Various generic helper functions used the SCR and supporting classes.

allocation_matrix(df, column, calc_type)[source]

Create a fast allocation matrix showing which elements are in each combination.

Returns a DataFrame with combinations as index and unique elements as columns, containing 1 if element is in combination, 0 otherwise.

Parameters:
  • df (DataFrame)

  • column (str)

  • calc_type (Literal['diversification', 'individual', 'overall'])

Return type:

DataFrame

combins_df_col(df, column, calc_type)[source]

Generate all possible combinations of unique values from a DataFrame column.

Args:

df: Input DataFrame column: Column name to extract combinations from calc_type: Type of combinations to generate:

  • ‘diversification’: All possible combinations (1 to n items)

  • ‘individual’: Single items and all items combined

  • ‘overall’: Only the combination of all items

Returns:

List of frozensets containing all requested combinations

Raises:

ValueError: If calc_type is not one of the valid options

Parameters:
  • df (DataFrame)

  • column (str)

  • calc_type (Literal['diversification', 'individual', 'overall'])

Return type:

list

f_accumulate_figures_vectorized(dest_df, source_df, dest_col, source_col, dest_index_col='index', dest_index=True, source_index_col='index', source_index=True, agg_func='sum')[source]
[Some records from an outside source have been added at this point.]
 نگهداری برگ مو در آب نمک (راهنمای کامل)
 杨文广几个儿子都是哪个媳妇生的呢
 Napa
Highly optimized vectorized version using pandas operations. Best performance for large datasets.

This function takes tuples/sets in dest_df index and aggregates corresponding values from source_df for each element in those tuples.

Args:

dest_df: Target dataframe with tuple/set indices source_df: Source dataframe with individual element indices dest_col: Column in dest_df to update with aggregated values source_col: Column in source_df to aggregate from dest_index: If True, use dest_df.index; if False, use dest_index_col source_index: If True, use source_df.index; if False, use source_index_col agg_func: Aggregation function (‘sum’, ‘mean’, ‘max’, etc.)

Example:

dest_df.index = [(‘A’, ‘B’), (‘B’, ‘C’)] # tuples to explode source_df.index = [‘A’, ‘B’, ‘C’] # individual elements # Will sum source values for A+B, and B+C respectively

Parameters:
  • dest_df (DataFrame)

  • source_df (DataFrame)

  • dest_col (str)

  • source_col (str)

  • dest_index_col (str)

  • dest_index (bool)

  • source_index_col (str)

  • source_index (bool)

  • agg_func (str | Callable)

Return type:

None

f_best_join(left_df, right_df, dest_field, source_field)[source]
f_best_match_new(x, join_list)[source]

Function not used, repalce with f_new_match_element.
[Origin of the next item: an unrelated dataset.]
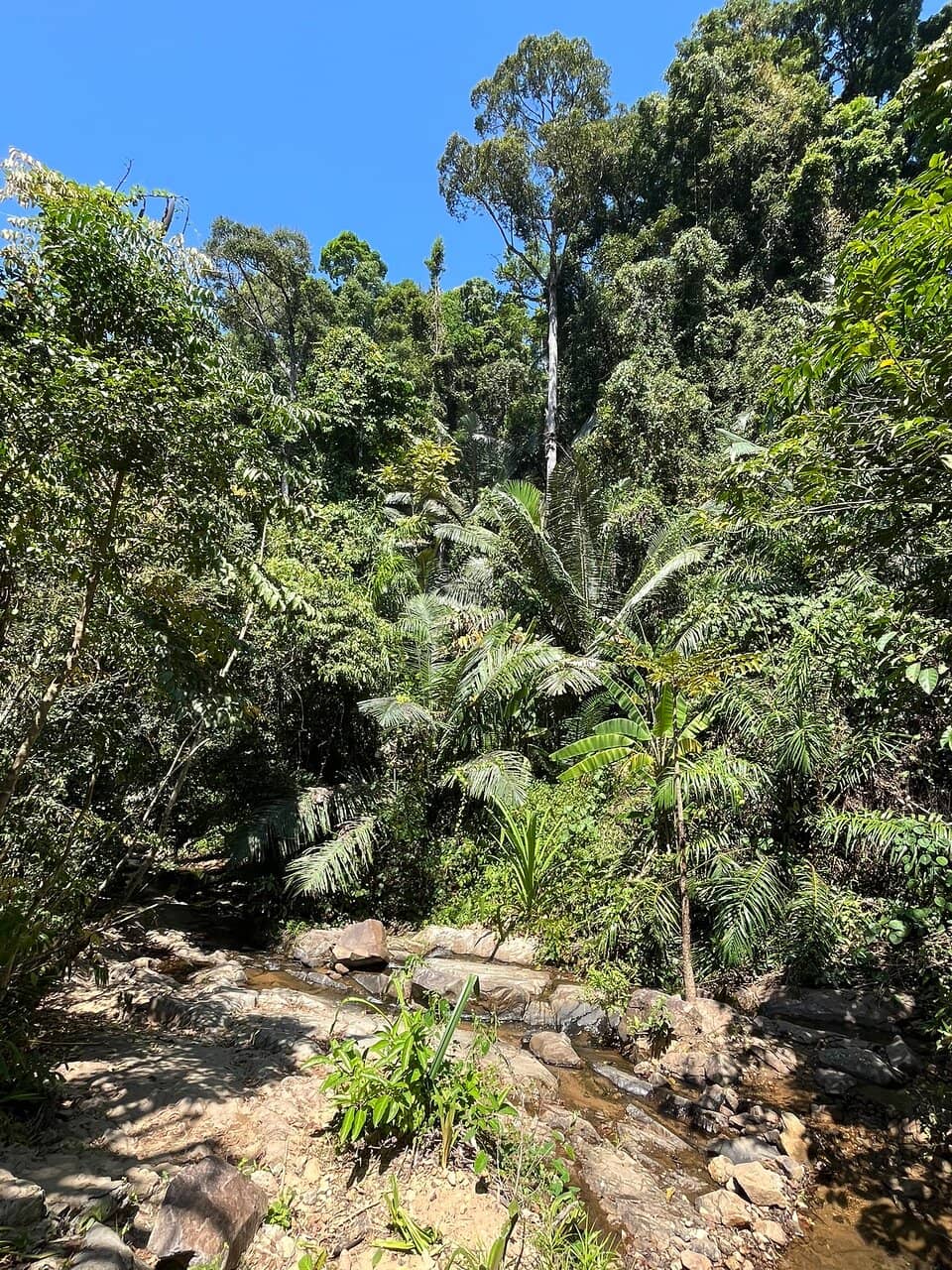 Jungle Loop Trail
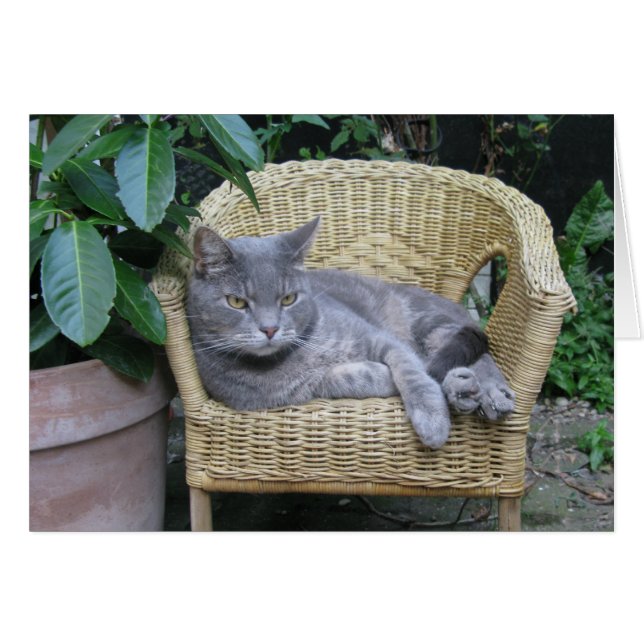 Katt Hälsningskort (Framsidan Horizontal)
f_fast_join(left_df, right_df, dest_field, source_field)[source]
f_fast_match_element(x, right_list)[source]
f_get_total_row(df)[source]

Returns the index with the longest tuple.

f_new_match_element(x, right_list)[source]
f_new_match_idx(left_list, right_list, both=False)[source]
Parameters:
  • left_list (list)

  • right_list (list)

  • both (bool)

Return type:

Series | DataFrame

log_decorator(func)[source]

A decorator that logs the runtime of the decorated function and appends it to the output_runtimes attribute of the first argument if it has either scr or output_runtimes attributes. This decorator also ensures that the decorated function retains its original name and docstring.

Parameters:

func (function) – The function to be decorated.

Returns:

The wrapped function with added logging functionality.

Return type:

function

The decorator measures the time taken by the function to execute and appends the runtime information to the output_runtimes list of the first argument if it has the scr or output_runtimes attribute.

Example:

>>> @log_decorator
... def create_prem_res():
...     return PremRes(sam_scr, True)
>>>
>>> prem_res = create_prem_res()